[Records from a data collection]

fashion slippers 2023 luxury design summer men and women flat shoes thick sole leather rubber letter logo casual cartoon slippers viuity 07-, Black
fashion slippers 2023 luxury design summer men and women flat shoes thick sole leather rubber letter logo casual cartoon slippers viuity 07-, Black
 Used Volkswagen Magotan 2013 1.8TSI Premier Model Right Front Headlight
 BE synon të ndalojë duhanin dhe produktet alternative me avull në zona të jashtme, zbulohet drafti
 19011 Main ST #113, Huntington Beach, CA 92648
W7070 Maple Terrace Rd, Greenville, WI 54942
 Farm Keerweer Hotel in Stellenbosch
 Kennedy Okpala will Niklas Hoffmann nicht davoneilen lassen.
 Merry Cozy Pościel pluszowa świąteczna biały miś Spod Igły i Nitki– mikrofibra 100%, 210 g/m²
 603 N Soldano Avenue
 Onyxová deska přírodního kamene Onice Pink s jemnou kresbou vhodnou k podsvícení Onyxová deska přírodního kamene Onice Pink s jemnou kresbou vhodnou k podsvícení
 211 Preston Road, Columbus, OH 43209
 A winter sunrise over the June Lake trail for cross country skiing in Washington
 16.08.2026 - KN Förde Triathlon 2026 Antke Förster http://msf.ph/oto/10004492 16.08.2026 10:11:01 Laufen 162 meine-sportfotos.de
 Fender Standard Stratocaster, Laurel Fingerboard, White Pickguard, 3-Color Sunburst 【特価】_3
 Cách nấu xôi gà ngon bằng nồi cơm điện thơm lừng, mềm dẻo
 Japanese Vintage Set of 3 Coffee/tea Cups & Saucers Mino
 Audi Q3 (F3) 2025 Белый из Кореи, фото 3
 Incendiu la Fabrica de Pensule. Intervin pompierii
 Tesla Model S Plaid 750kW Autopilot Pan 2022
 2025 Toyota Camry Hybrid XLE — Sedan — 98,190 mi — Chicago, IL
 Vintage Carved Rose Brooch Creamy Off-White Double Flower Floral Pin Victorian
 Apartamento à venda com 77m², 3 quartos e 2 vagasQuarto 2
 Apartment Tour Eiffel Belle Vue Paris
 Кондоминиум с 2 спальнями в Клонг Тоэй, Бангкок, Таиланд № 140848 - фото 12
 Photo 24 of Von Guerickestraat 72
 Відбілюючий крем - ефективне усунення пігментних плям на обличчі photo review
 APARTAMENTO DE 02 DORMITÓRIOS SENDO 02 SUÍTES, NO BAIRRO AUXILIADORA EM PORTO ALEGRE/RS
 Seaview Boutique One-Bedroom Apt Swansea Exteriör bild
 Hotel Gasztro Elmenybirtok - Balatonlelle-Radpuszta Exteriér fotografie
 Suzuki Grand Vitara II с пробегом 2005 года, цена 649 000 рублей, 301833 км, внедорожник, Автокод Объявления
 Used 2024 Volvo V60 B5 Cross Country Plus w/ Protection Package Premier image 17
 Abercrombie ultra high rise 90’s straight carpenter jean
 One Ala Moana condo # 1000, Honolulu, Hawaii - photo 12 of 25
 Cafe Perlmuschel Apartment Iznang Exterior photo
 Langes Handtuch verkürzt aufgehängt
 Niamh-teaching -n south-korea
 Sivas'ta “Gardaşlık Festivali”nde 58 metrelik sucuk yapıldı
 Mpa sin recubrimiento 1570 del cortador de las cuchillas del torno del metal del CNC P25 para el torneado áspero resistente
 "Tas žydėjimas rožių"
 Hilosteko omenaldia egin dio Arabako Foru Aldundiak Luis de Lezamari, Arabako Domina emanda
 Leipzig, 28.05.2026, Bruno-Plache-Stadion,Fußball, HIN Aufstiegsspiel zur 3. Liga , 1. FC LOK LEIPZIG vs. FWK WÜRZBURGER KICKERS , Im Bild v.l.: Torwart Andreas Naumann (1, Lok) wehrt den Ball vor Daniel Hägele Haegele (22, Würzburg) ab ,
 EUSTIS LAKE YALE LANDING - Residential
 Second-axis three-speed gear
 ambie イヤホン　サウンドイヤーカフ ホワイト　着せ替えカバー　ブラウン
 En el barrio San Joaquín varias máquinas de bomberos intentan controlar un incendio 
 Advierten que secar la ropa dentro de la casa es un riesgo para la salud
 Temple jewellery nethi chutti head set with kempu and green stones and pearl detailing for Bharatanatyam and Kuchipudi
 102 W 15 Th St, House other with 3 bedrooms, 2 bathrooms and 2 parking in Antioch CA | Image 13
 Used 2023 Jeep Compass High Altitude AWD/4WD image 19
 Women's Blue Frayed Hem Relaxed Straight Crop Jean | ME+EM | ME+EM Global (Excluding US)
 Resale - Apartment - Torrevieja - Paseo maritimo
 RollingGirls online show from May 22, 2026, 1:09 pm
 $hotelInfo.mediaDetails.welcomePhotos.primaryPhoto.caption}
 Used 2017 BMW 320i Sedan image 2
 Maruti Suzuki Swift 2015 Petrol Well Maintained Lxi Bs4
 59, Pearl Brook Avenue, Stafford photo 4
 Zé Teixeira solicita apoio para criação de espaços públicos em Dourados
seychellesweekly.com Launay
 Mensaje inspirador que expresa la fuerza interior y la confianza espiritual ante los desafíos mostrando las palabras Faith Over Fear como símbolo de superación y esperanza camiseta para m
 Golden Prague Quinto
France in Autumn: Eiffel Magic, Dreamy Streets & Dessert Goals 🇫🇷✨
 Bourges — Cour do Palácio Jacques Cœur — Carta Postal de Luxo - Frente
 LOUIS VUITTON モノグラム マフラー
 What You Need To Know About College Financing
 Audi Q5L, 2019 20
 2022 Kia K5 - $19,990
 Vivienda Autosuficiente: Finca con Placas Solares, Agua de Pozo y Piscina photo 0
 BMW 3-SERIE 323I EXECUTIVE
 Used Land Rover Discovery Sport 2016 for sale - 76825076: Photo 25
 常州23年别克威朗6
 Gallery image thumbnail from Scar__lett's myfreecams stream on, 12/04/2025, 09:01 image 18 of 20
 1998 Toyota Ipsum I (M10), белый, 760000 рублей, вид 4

• [Exercise details] Nothing in the records may change. Print all of them.

• [Task answer]
fashion slippers 2023 luxury design summer men and women flat shoes thick sole leather rubber letter logo casual cartoon slippers viuity 07-, Black
fashion slippers 2023 luxury design summer men and women flat shoes thick sole leather rubber letter logo casual cartoon slippers viuity 07-, Black
 Used Volkswagen Magotan 2013 1.8TSI Premier Model Right Front Headlight
 BE synon të ndalojë duhanin dhe produktet alternative me avull në zona të jashtme, zbulohet drafti
 19011 Main ST #113, Huntington Beach, CA 92648
W7070 Maple Terrace Rd, Greenville, WI 54942
 Farm Keerweer Hotel in Stellenbosch
 Kennedy Okpala will Niklas Hoffmann nicht davoneilen lassen.
 Merry Cozy Pościel pluszowa świąteczna biały miś Spod Igły i Nitki– mikrofibra 100%, 210 g/m²
 603 N Soldano Avenue
 Onyxová deska přírodního kamene Onice Pink s jemnou kresbou vhodnou k podsvícení Onyxová deska přírodního kamene Onice Pink s jemnou kresbou vhodnou k podsvícení
 211 Preston Road, Columbus, OH 43209
 A winter sunrise over the June Lake trail for cross country skiing in Washington
 16.08.2026 - KN Förde Triathlon 2026 Antke Förster http://msf.ph/oto/10004492 16.08.2026 10:11:01 Laufen 162 meine-sportfotos.de
 Fender Standard Stratocaster, Laurel Fingerboard, White Pickguard, 3-Color Sunburst 【特価】_3
 Cách nấu xôi gà ngon bằng nồi cơm điện thơm lừng, mềm dẻo
 Japanese Vintage Set of 3 Coffee/tea Cups & Saucers Mino
 Audi Q3 (F3) 2025 Белый из Кореи, фото 3
 Incendiu la Fabrica de Pensule. Intervin pompierii
 Tesla Model S Plaid 750kW Autopilot Pan 2022
 2025 Toyota Camry Hybrid XLE — Sedan — 98,190 mi — Chicago, IL
 Vintage Carved Rose Brooch Creamy Off-White Double Flower Floral Pin Victorian
 Apartamento à venda com 77m², 3 quartos e 2 vagasQuarto 2
 Apartment Tour Eiffel Belle Vue Paris
 Кондоминиум с 2 спальнями в Клонг Тоэй, Бангкок, Таиланд № 140848 - фото 12
 Photo 24 of Von Guerickestraat 72
 Відбілюючий крем - ефективне усунення пігментних плям на обличчі photo review
 APARTAMENTO DE 02 DORMITÓRIOS SENDO 02 SUÍTES, NO BAIRRO AUXILIADORA EM PORTO ALEGRE/RS
 Seaview Boutique One-Bedroom Apt Swansea Exteriör bild
 Hotel Gasztro Elmenybirtok - Balatonlelle-Radpuszta Exteriér fotografie
 Suzuki Grand Vitara II с пробегом 2005 года, цена 649 000 рублей, 301833 км, внедорожник, Автокод Объявления
 Used 2024 Volvo V60 B5 Cross Country Plus w/ Protection Package Premier image 17
 Abercrombie ultra high rise 90’s straight carpenter jean
 One Ala Moana condo # 1000, Honolulu, Hawaii - photo 12 of 25
 Cafe Perlmuschel Apartment Iznang Exterior photo
 Langes Handtuch verkürzt aufgehängt
 Niamh-teaching -n south-korea
 Sivas'ta “Gardaşlık Festivali”nde 58 metrelik sucuk yapıldı
 Mpa sin recubrimiento 1570 del cortador de las cuchillas del torno del metal del CNC P25 para el torneado áspero resistente
 "Tas žydėjimas rožių"
 Hilosteko omenaldia egin dio Arabako Foru Aldundiak Luis de Lezamari, Arabako Domina emanda
 Leipzig, 28.05.2026, Bruno-Plache-Stadion,Fußball, HIN Aufstiegsspiel zur 3. Liga , 1. FC LOK LEIPZIG vs. FWK WÜRZBURGER KICKERS , Im Bild v.l.: Torwart Andreas Naumann (1, Lok) wehrt den Ball vor Daniel Hägele Haegele (22, Würzburg) ab ,
 EUSTIS LAKE YALE LANDING - Residential
 Second-axis three-speed gear
 ambie イヤホン　サウンドイヤーカフ ホワイト　着せ替えカバー　ブラウン
 En el barrio San Joaquín varias máquinas de bomberos intentan controlar un incendio 
 Advierten que secar la ropa dentro de la casa es un riesgo para la salud
 Temple jewellery nethi chutti head set with kempu and green stones and pearl detailing for Bharatanatyam and Kuchipudi
 102 W 15 Th St, House other with 3 bedrooms, 2 bathrooms and 2 parking in Antioch CA | Image 13
 Used 2023 Jeep Compass High Altitude AWD/4WD image 19
 Women's Blue Frayed Hem Relaxed Straight Crop Jean | ME+EM | ME+EM Global (Excluding US)
 Resale - Apartment - Torrevieja - Paseo maritimo
 RollingGirls online show from May 22, 2026, 1:09 pm
 $hotelInfo.mediaDetails.welcomePhotos.primaryPhoto.caption}
 Used 2017 BMW 320i Sedan image 2
 Maruti Suzuki Swift 2015 Petrol Well Maintained Lxi Bs4
 59, Pearl Brook Avenue, Stafford photo 4
 Zé Teixeira solicita apoio para criação de espaços públicos em Dourados
seychellesweekly.com Launay
 Mensaje inspirador que expresa la fuerza interior y la confianza espiritual ante los desafíos mostrando las palabras Faith Over Fear como símbolo de superación y esperanza camiseta para m
 Golden Prague Quinto
France in Autumn: Eiffel Magic, Dreamy Streets & Dessert Goals 🇫🇷✨
 Bourges — Cour do Palácio Jacques Cœur — Carta Postal de Luxo - Frente
 LOUIS VUITTON モノグラム マフラー
 What You Need To Know About College Financing
 Audi Q5L, 2019 20
 2022 Kia K5 - $19,990
 Vivienda Autosuficiente: Finca con Placas Solares, Agua de Pozo y Piscina photo 0
 BMW 3-SERIE 323I EXECUTIVE
 Used Land Rover Discovery Sport 2016 for sale - 76825076: Photo 25
 常州23年别克威朗6
 Gallery image thumbnail from Scar__lett's myfreecams stream on, 12/04/2025, 09:01 image 18 of 20
 1998 Toyota Ipsum I (M10), белый, 760000 рублей, вид 4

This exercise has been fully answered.